I recently had some bad luck with a cheap 12V power supply with my uBitx v6. In short, the supply was extremely noisy across all the RF bands I wanted to use. I had said in that other post that I would buy a better power supply suitable for RF, but I don't believe you should do that when you can hack something together using parts you already have, especially when just starting out.

I poached the working Lithium Ion battery from the very Dell Lattitude E5540 laptop that I'm writing this on, and everything is working perfectly.

Here is how I did that.

Find a decent approximation of the Laptop's pinout

On this page I found the basic info I needed to hook up to my Laptop battery.

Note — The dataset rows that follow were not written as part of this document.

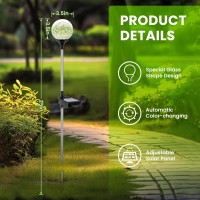 Gigalumi Solar Garden Lights 3 Pack Solar Powered Outdoor Lighting Multicolored Changing Garden Globes Waterproof Cracked Glas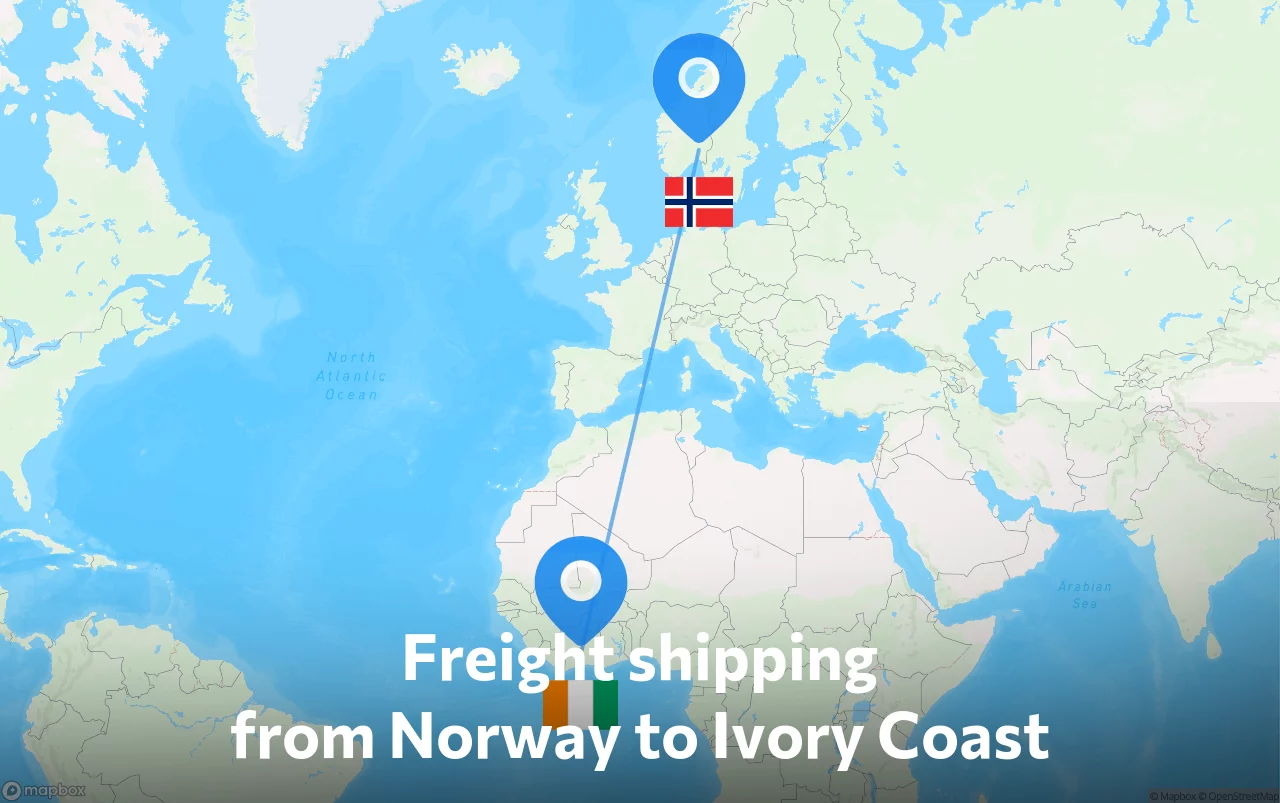 Shipping route from Norway to Ivory Coast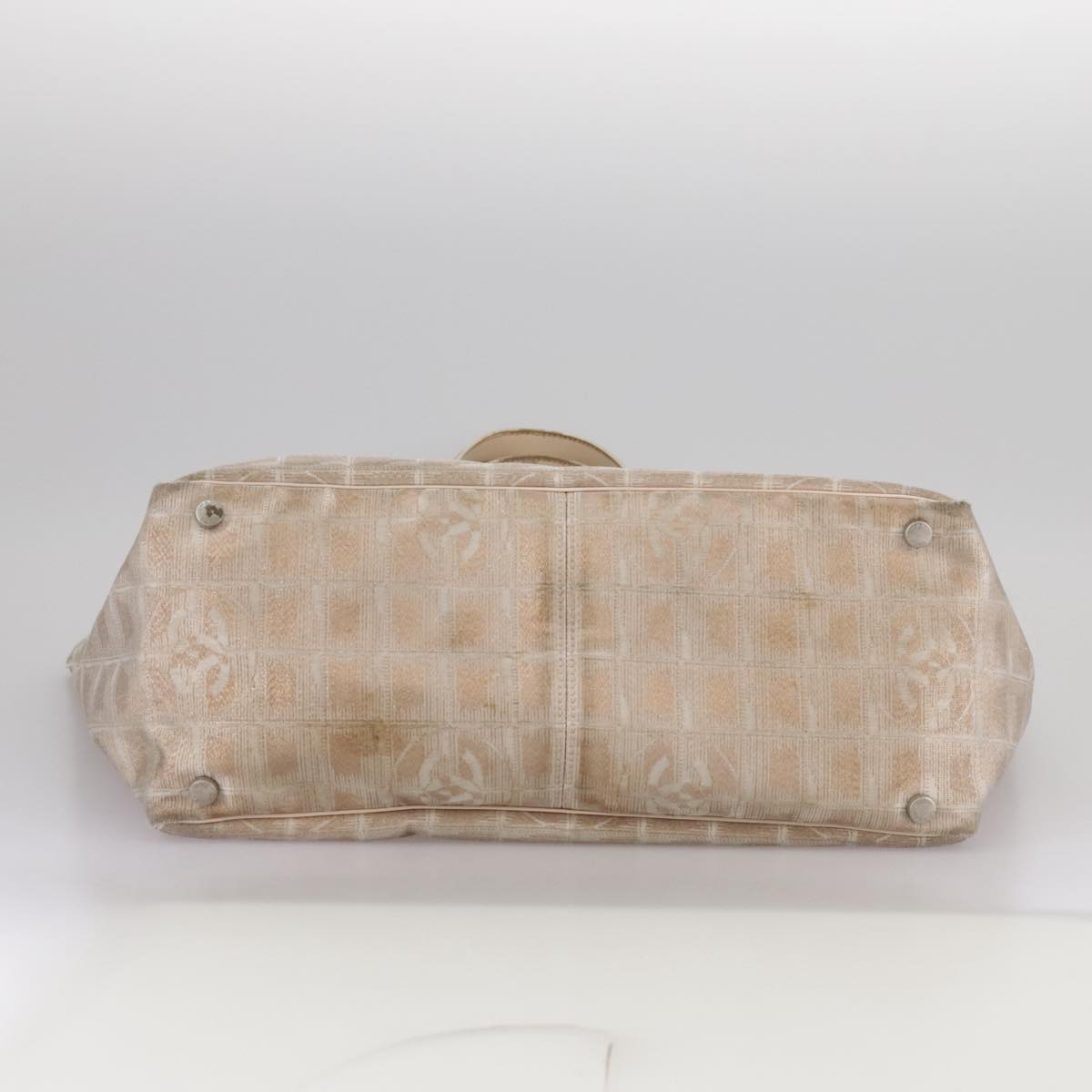 CHANEL New Travel line Tote Bag Nylon Beige CC ti2609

Crucially, I found this info that would work if my battery pinout wasn't too different from the one in the picture. Mine had 9 pins, just like the one on that site, so chances were decent the pinout was the same or similar.

The 3 most important facts were:

  1. the left and rightmost two pairs of pins need to be shorted as two pairs (one short on each side, so the four pins effectively become two wires)
  2. one of the pairs is ground (-), and the other pair is (+)
  3. one of the pins in the middle needs to be shorted to ground

Wire the battery up to a breadboard and onto the radio

I just had to figure out which pin on my battery had to be shorted to ground to turn the battery on, since I got no voltage by simple shorting the pairs of pins on the (+) and (-) sides. Finally, I realized from the above site's pin list that my pin 6 might be something called SYSPRES, probably meaning SYSTEM PRESENT, or in human terms "This battery is not being shorted accidentally in someone's purse by their earrings - it's plugged into a laptop." Once I connected pin 6 to ground, I got a little over 12V out between (+) and (-). For safety, I added a toggle switch between pin 6 and ground.

Annotated drawing of the battery wireup job I did.
The radio turned on with zero noise - no loud helicopter blade sounds.

Turn it on

My first HF station, a uBitx v6, powered by the battery power source I hacked together.
Here it is, turned on. Yes, right now my uBitx is in a cardboard box. Stay tuned for a future project where it might live in a nice wooden box.


I will keep going with this setup as long as I can. It's working, is noiseless, is free for me, and since I don't take my laptop anywhere really, is not inconvenient yet.